Task to complete =
Could you reproduce, from the records below, everything from the line with "Parade Place - A" down to the line with "Naszyjnik z kamyczków – krok czwarty", keeping both of those lines and changing nothing?

Listed entries =
● ● ●
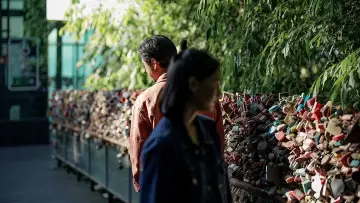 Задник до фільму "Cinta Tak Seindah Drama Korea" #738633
● ● ●
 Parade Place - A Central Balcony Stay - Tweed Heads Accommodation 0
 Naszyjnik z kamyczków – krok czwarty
● ● ●
Your solution =
 Parade Place - A Central Balcony Stay - Tweed Heads Accommodation 0
 Naszyjnik z kamyczków – krok czwarty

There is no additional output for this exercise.